When $px^4+qxy+ry^2+sy+t=0\ (p,q,r,s,t\in\mathbb R)$ represents a simple closed curve on the $xy$ plane, can we represent the area enclosed by this curve by $p,q,r,s,t$? If yes, then how?
Example 1 : $2x^4-2xy+y^2+6y+5=0$ represents a simple closed curve. (see here)
Example 2 : $2x^4-2xy-y^2+6y+5=0$ does not represent a simple closed curve. (see here)

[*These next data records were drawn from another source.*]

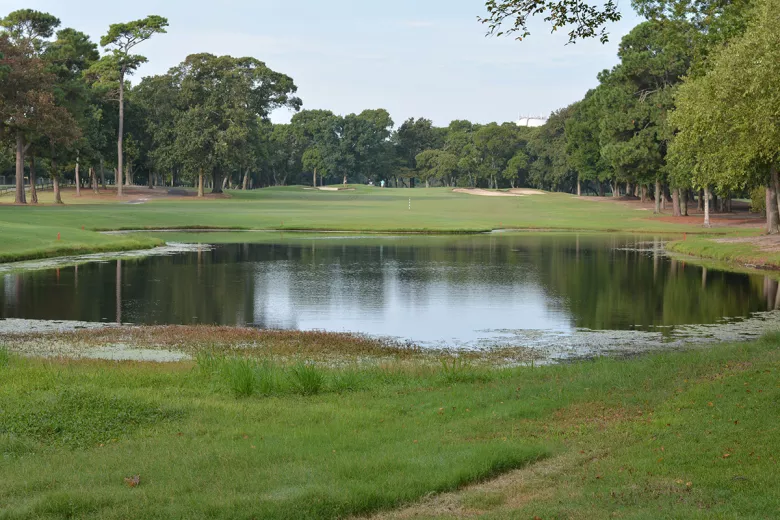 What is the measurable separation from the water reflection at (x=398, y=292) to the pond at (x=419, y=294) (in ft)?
0.18

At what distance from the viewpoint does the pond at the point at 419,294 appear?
25.3 meters

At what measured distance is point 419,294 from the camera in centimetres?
3247

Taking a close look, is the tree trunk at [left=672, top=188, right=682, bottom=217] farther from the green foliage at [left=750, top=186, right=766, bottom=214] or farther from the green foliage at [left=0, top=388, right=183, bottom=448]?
the green foliage at [left=0, top=388, right=183, bottom=448]

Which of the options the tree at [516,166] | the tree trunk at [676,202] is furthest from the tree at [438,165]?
the tree trunk at [676,202]

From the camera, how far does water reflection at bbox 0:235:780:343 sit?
85.9 ft

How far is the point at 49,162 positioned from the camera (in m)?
98.8

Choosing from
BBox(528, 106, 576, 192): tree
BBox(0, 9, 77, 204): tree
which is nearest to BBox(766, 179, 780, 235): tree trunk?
BBox(0, 9, 77, 204): tree

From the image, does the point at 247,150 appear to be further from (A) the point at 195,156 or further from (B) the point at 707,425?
(B) the point at 707,425

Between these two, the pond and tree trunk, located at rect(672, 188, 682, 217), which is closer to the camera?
the pond

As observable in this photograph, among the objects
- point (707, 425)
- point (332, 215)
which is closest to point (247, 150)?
point (332, 215)

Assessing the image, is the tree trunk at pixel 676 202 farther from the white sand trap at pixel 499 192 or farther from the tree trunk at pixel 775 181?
the white sand trap at pixel 499 192

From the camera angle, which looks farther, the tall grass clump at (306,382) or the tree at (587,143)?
the tree at (587,143)

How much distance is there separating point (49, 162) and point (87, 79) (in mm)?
11241

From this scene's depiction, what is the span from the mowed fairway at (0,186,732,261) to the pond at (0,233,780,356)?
743 cm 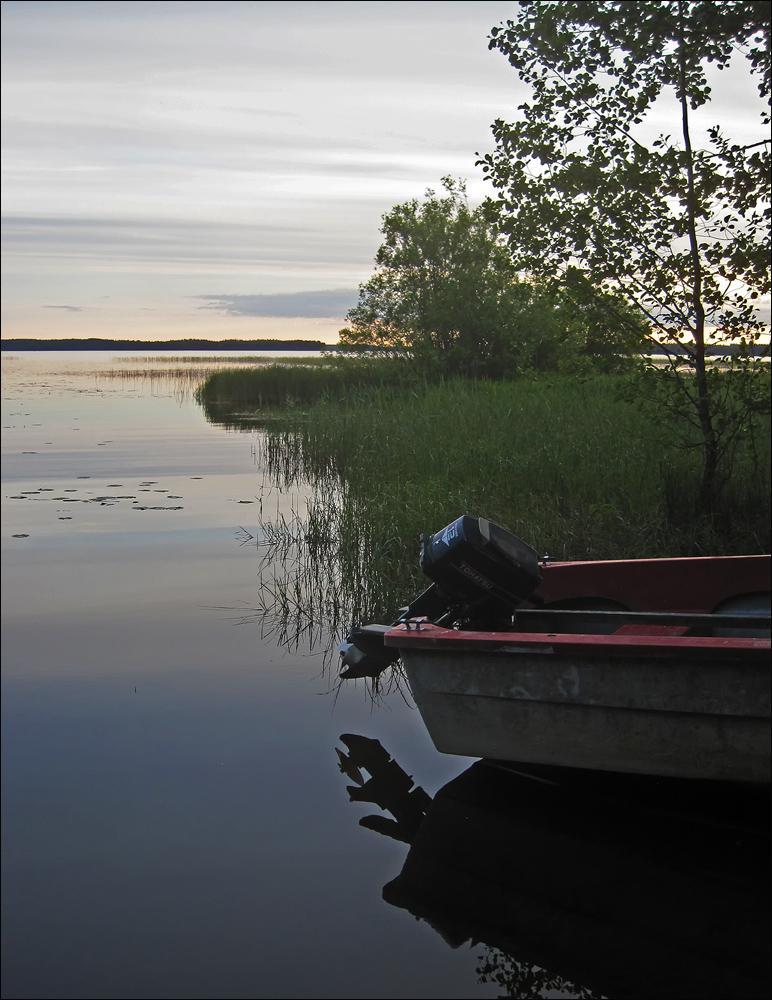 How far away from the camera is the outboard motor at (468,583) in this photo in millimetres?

The case $ax^4-by^2\pm\ldots=0$ with $a,b>0$ is an open curve pretty much for the same reason that $ax^2-by^2\pm\ldots=0$ is an open curve as well, called hyperbola. Then all you have to do is compute
$y_{_{1,2}}(x)=\dfrac{-(s+qx)\pm\sqrt{(s+qx)^2-4r(t+px)^4}}{2r}$ , the area being $\displaystyle\int_v^w|y_{_1}(x)-y_{_2}(x)|~dx=$
$=\displaystyle\frac1r\int_v^w\sqrt{(s+qx)^2-4r(t+px)^4}~dx$, where v and w are the left-most and right-most values
of x, i.e., the extrema of $x(y)$, which are to be found amongst the roots of $x'(y)=0$. Granted, this type of integral does not usually possess a closed form expression, and even the exact values of v or w are hard to come by.